Return the full listing unchanged, excluding any images it contains.

DATA EXCERPT:
-------
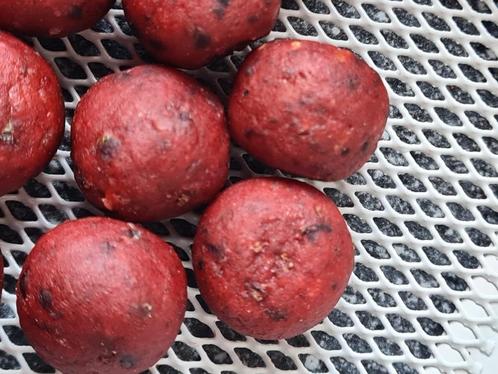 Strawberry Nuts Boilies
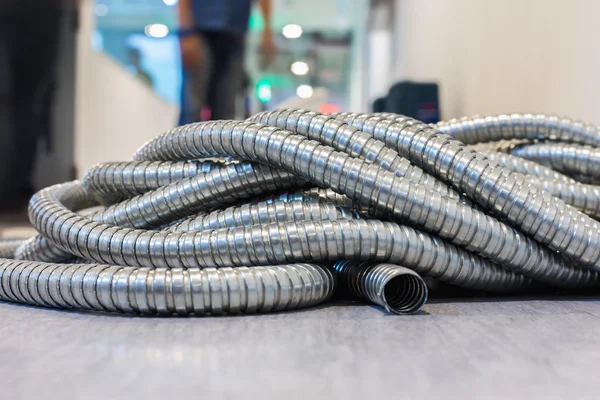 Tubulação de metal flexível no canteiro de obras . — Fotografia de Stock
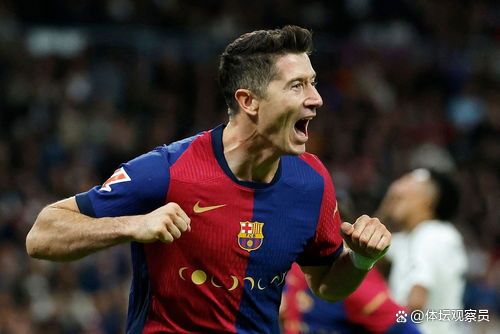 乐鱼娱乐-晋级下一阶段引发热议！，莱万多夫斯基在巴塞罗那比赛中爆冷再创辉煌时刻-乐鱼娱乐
-------
YOUR SOLUTION:
 Strawberry Nuts Boilies
 Tubulação de metal flexível no canteiro de obras . — Fotografia de Stock
 乐鱼娱乐-晋级下一阶段引发热议！，莱万多夫斯基在巴塞罗那比赛中爆冷再创辉煌时刻-乐鱼娱乐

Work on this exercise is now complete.